[Opening SUPPLIED DATA section]

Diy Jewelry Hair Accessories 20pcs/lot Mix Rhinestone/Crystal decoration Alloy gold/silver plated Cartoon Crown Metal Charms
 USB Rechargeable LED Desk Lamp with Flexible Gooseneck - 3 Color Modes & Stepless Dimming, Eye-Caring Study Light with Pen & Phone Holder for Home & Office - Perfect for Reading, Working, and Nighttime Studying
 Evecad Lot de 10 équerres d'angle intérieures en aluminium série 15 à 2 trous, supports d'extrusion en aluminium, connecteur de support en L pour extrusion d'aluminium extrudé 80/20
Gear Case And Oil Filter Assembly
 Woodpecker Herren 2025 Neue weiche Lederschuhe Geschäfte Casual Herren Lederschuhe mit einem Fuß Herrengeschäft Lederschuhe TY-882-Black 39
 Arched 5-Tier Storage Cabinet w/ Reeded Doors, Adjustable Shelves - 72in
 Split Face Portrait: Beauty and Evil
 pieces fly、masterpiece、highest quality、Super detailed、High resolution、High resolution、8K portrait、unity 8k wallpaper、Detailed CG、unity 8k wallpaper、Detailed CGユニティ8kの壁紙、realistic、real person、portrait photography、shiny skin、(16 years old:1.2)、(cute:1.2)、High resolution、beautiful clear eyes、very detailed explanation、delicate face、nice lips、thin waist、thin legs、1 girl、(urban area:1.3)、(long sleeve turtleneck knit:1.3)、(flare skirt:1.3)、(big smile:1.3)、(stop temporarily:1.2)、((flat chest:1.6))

[Closing SUPPLIED DATA section]

## TO DO
Repeat only what runs from the line holding "Woodpecker Herren 2025" to the end of the data, keeping every line exactly as written, first and last included.

## OUTPUT OF THE EXERCISE
 Woodpecker Herren 2025 Neue weiche Lederschuhe Geschäfte Casual Herren Lederschuhe mit einem Fuß Herrengeschäft Lederschuhe TY-882-Black 39
 Arched 5-Tier Storage Cabinet w/ Reeded Doors, Adjustable Shelves - 72in
 Split Face Portrait: Beauty and Evil
 pieces fly、masterpiece、highest quality、Super detailed、High resolution、High resolution、8K portrait、unity 8k wallpaper、Detailed CG、unity 8k wallpaper、Detailed CGユニティ8kの壁紙、realistic、real person、portrait photography、shiny skin、(16 years old:1.2)、(cute:1.2)、High resolution、beautiful clear eyes、very detailed explanation、delicate face、nice lips、thin waist、thin legs、1 girl、(urban area:1.3)、(long sleeve turtleneck knit:1.3)、(flare skirt:1.3)、(big smile:1.3)、(stop temporarily:1.2)、((flat chest:1.6))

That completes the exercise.